No man saw the Haliotis depart, though many heard her. She left at two in the morning, having cut her moorings, and it was none of her crew’s pleasure that the engines should strike up a thundering half-seas-over chanty that echoed among the hills. Mr. Wardrop wiped away a tear as he listened to the new song.

“She’s gibberin’ – she’s just gibberin’,” he whimpered. “Yon’s the voice of a maniac.

And if engines have any soul, as their masters believe, he was quite right. There were outcries and clamours, sobs and bursts of chattering laughter, silences where the trained ear yearned for the clear note, and torturing reduplications where there should have been one deep voice. Down the screw-shaft ran murmurs and warnings, while a heart-diseased flutter without told that the propeller needed re-keying.

“How does she make it?” said the skipper.

“She moves, but – but she’s breakin’ my heart. The sooner we’re at Pygang-Watai, the better. She’s mad, and we’re waking the town.”

“Is she at all near safe?”

“What do I care how safe she is? She’s mad. Hear that, now! To be sure, nothing’s hittin’ anything, and the bearin’s are fairly cool, but – can ye not hear?”

“If she goes,” said the skipper, “I don’t care a curse. And she’s my boat, too.”

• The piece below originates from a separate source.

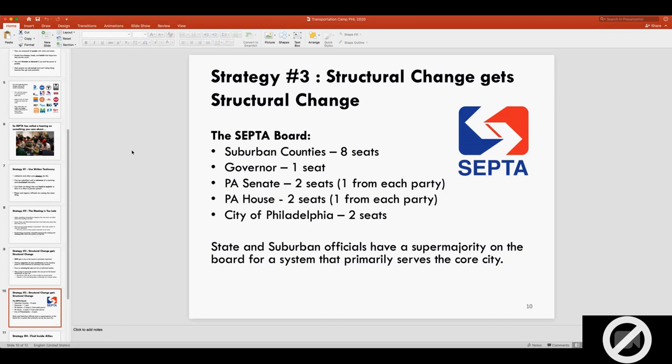So let's look at who's actually on the SEPTA board that makes decisions. The suburban counties that surround Philadelphia—Delaware County, Montgomery County, Bucks County, and so on—get eight seats on the board, two in each county. The governor appoints one person, the state Senate appoints two seats, one majority one minority, the same in the House, and the city of Philadelphia itself only gets two seats. So you have a permanent supermajority on the board that primarily serves core Philadelphia to stop Philadelphia from doing things. At times before 2016, suburban counties were largely Republican. So you basically had a Republican supermajority governing the transit system of a city that voted 85% for Hillary Clinton. The system is not set up to help you. Thinking about redoing how the board works is something that's really worth your time.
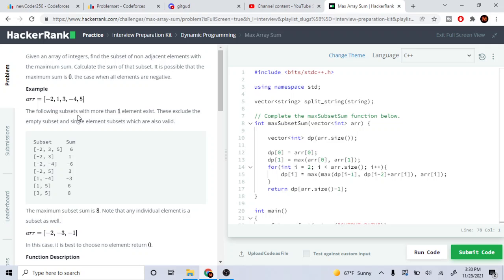Basically we just need to find the subset where the elements are not adjacent. So I have this array of negative 2, 1, 3, negative 4, 5.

She went, trailing a fathom of weed behind her. From a slow two knots an hour she crawled up to a triumphant four. Anything beyond that made the struts quiver dangerously, and filled the engine-room with steam. Morning showed her out of sight of land, and there was a visible ripple under her bows; but she complained bitterly in her bowels, and, as though the noise had called it, there shot along across the purple sea a swift, dark proa, hawk-like and curious, which presently ranged alongside and wished to know if the Haliotis were helpless. Ships, even the steamers of the white men, had been known to break down in those waters, and the honest Malay and Javanese traders would sometimes aid them in their own peculiar way. But this ship was not full of lady passengers and well-dressed officers. Men, white, naked and savage, swarmed down her sides — some withred-hot iron bars, and others with large hammers – threw themselves upon those innocent inquiring strangers, and, before any man could say what had happened, were in full possession of the proa, while the lawful owners bobbed in the water overside. Half an hour later the proa’s cargo of sago and trepang, as well as a doubtful-minded compass, was in the Haliotis. The two huge triangular mat sails, with their seventy-foot yards and booms, had followed the cargo, and were being fitted to the stripped masts of the steamer.

They rose, they swelled, they filled, and the empty steamer visibly laid over as the wind took them. They gave her nearly three knots an hour, and what better could men ask? But if she had been forlorn before, this new purchase made her horrible to see. Imagine a respectable charwoman in the tights of a ballet-dancer rolling drunk along the streets, and you will come to some faint notion of the appearance of that nine-hundred-ton, well-decked, once schooner-rigged cargo-boat as she staggered under her new help, shouting and raving across the deep. With steam and sail that marvellous voyage continued; and the bright-eyed crew looked over the rail, desolate, unkempt, unshorn, shamelessly clothed beyond the decencies.

At the end of the third week she sighted the island of Pygang-Watai, whose harbour is the turning-point of a pearl sea-patrol. Here the gun-boats stay for a week ere they retrace their line. There is no village at Pygang-Watai; only a stream of water, some palms, and a harbour safe to rest in till the first violence of the southeast monsoon has blown itself out. They opened up the low coral beach, with its mound of whitewashed coal ready for supply, the deserted huts for the sailors, and the flagless flagstaff.

Next day there was no Haliotis – only a little proa rocking in the warm rain at the mouth of the harbour, whose crew watched with hungry eyes the smoke of a gunboat on the horizon.

Months afterwards there were a few lines in an English newspaper to the effect that some gunboat of some foreign Power had broken her back at the mouth of some far-away harbour by running at full speed into a sunken wreck.